Am 13. Februar ging die Beta-Version des Musiklexikons Schweiz online. Es versammelt verstreute und teilweise schwer zugängliche biografische Informationen zu 6800 Musikern und Musikerinnen – und soll zugleich ein Ausgangspunkt sein für ein neues Nachdenken über die Schweizer Musikgeschichte.

Die Silhouette der Statue von Freddie Mercury in Montreux, in energischer Pose, ziert die Startseite des Online-Lexikons. Doch eigentlich lässt sich das musikalische Schaffen in der Schweiz nicht in einem einzelnen Bild fassen. Zu vielfältig ist es und zu dicht. Und darüber hinaus nur wenig dokumentiert, wie die enzyklopädische Tradition der Schweiz überhaupt zwar lang, aber auch dünn sei, so der Historiker Marco Jorio, Mitglied des Projektteams, an der Pressekonferenz. Das letzte Musiklexikon zur gesamtschweizerischen Musikgeschichte, das «Schweizer Musiker-Lexikon», erschien im Jahr 1964.
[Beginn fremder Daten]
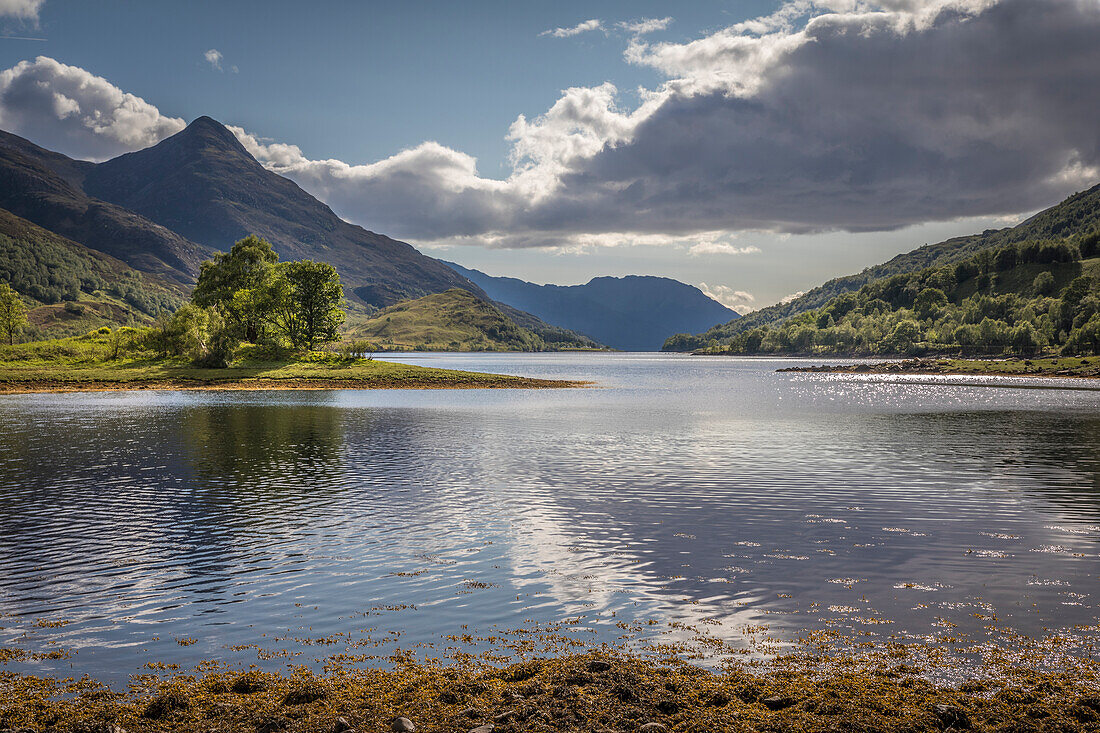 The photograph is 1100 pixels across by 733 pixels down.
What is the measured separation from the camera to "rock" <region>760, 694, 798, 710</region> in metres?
12.9

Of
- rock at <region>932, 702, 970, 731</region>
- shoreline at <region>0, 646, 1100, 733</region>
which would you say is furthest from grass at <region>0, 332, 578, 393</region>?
rock at <region>932, 702, 970, 731</region>

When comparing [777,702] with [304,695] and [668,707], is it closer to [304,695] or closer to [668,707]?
[668,707]

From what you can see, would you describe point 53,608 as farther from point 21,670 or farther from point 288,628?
point 288,628

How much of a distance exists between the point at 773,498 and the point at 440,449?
2677 centimetres

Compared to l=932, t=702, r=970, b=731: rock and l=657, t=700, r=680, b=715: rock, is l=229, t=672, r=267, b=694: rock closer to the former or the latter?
l=657, t=700, r=680, b=715: rock

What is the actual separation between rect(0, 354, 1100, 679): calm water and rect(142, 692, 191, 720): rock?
7.11 ft

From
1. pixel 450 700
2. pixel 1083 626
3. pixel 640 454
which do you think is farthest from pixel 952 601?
pixel 640 454

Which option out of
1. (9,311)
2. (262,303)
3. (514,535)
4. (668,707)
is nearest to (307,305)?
(262,303)

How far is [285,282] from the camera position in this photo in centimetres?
15138

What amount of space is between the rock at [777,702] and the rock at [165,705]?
10.8 metres

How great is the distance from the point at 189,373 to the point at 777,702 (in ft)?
440

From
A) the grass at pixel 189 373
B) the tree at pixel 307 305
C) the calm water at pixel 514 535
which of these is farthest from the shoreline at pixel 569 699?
the tree at pixel 307 305

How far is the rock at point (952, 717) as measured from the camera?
40.7 ft

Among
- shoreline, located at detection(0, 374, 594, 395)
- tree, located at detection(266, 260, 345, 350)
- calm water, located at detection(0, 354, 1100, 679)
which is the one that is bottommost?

Kritische Töne gegenüber der öffentlichen Kulturpolitik

Das Musiklexikon der Schweiz (MLS) geht zurück auf die Initiative der Musikwissenschaftlerin Irène Minder-Jeanneret, die sich vor über sieben Jahren erste Gedanken über ein solches Projekt machte. Partner fand sie in der Schweizerischen Musikforschenden Gesellschaft (SMG) und dem Schweizer Musikrat (SMR). Die Grundlage für das nun vorliegende Lexikon legte ein sechsköpfiges Projektteam unter der Leitung von Cristina Urchueguía, Professorin für Musikwissenschaften an der Universität Bern und Präsidentin der SMG, das in den letzten Jahren viel ehrenamtliche Arbeit in das Lexikon investierte.

Die Projektgruppe schlägt in der Medienmitteilung kritische Töne gegenüber der offiziellen Kulturpolitik an: «Leider wurde bald deutlich, dass die Begeisterung und die Überzeugung der Notwendigkeit eines solchen Nachschlagewerks nicht auf die öffentlichen Stellen, die für die Finanzierung zuständig sind, übergriffen.»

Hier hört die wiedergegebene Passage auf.